Con la sentenza 9 marzo 2017, causa C-398/15, la Corte di Giustizia dell’Unione europea pone un importante limite al rischio che informazioni registrate e rese accessibili al pubblico in forza di specifici obblighi di legge possano essere oscurate in nome del diritto alla privacy dei singoli.

La vicenda ha inizio nel 2007, quando l’amministratore di una società si era rivolto al Tribunale di Lecce perché ordinasse alla Camera di commercio locale la cancellazione dal Registro delle imprese dei dati che lo collegavano (quale amministratore unico e poi liquidatore) ad una società fallita nel 1992 e cancellata dal registro delle imprese nel 2005: l’imprenditore sosteneva che l’accessibilità di tali dati ostacolava l’attività immobiliare che svolgeva con una nuova società, dissuadendo i potenziali acquirenti.

La richiesta veniva accolta ma la Corte di Cassazione, davanti alla quale la Camera di Commercio di Lecce aveva impugnato la decisione del Tribunale, decideva (con ordinanza del 21 maggio 2015) di investire della questione i Giudici della CGUE, chiedendo se la Direttiva 95/46/CE sulla tutela dei dati personali e la Direttiva 68/51/CE in tema di pubblicità degli atti delle società costituiscano un ostacolo al fatto che chiunque possa, senza limiti di tempo, accedere ai dati relativi alle persone fisiche contenuti nel registro delle imprese.

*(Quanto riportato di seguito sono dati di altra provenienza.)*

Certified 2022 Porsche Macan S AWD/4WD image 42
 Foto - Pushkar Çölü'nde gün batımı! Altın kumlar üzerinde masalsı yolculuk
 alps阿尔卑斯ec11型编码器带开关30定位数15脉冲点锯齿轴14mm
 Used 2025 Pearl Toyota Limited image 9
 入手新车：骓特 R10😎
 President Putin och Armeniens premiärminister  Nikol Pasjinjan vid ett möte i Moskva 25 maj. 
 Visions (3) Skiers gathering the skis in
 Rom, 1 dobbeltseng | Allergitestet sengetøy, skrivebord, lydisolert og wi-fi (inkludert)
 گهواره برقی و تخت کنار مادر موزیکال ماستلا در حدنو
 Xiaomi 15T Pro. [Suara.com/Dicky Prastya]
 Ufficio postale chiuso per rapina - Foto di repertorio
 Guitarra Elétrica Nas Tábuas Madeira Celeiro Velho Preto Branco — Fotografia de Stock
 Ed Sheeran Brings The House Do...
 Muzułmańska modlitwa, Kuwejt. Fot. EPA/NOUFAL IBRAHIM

La Corte di giustizia ribadisce che la pubblicità del registro delle imprese è intesa a garantire la certezza del diritto nelle relazioni tra le società ed i terzi, tutelando gli interessi dei terzi rispetto alle società di capitali che offrono come unica garanzia il proprio patrimonio sociale.

Ci si è chiesti se l’interessato possa chiedere di cancellare o comunque limitare l’accesso ai dati che lo riguardano, decorso un certo periodo di tempo dalla cessazione dell’attività della società ma la Corte ha escluso che il semplice decorso del tempo o la cessazione dell’attività facciano venir meno l’interesse dei terzi a poter disporre delle informazioni registrate, tenuto anche conto del numero limitato di dati personali iscritti nel registro delle imprese.

La Corte ha tuttavia ammesso che, in casi particolari e da valutare in concreto, decorso un periodo sufficientemente lungo dopo lo scioglimento della società interessata, le persone fisiche possano chiedere che l’accesso dei terzi a tali dati sia limitato: la valutazione spetta agli Stati membri.

Saranno, dunque, i singoli legislatori nazionali a decidere se prevedere che gli interessati possano chiedere all’autorità incaricata della tenuta del registro di verificare la possibilità di limitare l’accesso ai dati che li riguardano: l’eventuale limitazione dovrà avvenire in ipotesi eccezionali, da valutarsi caso per caso e ove ricorrano ragioni preminenti e legittime connesse alla situazione particolare dell’interessato e, comunque, decorso un periodo sufficientemente lungo dopo lo scioglimento della società interessata.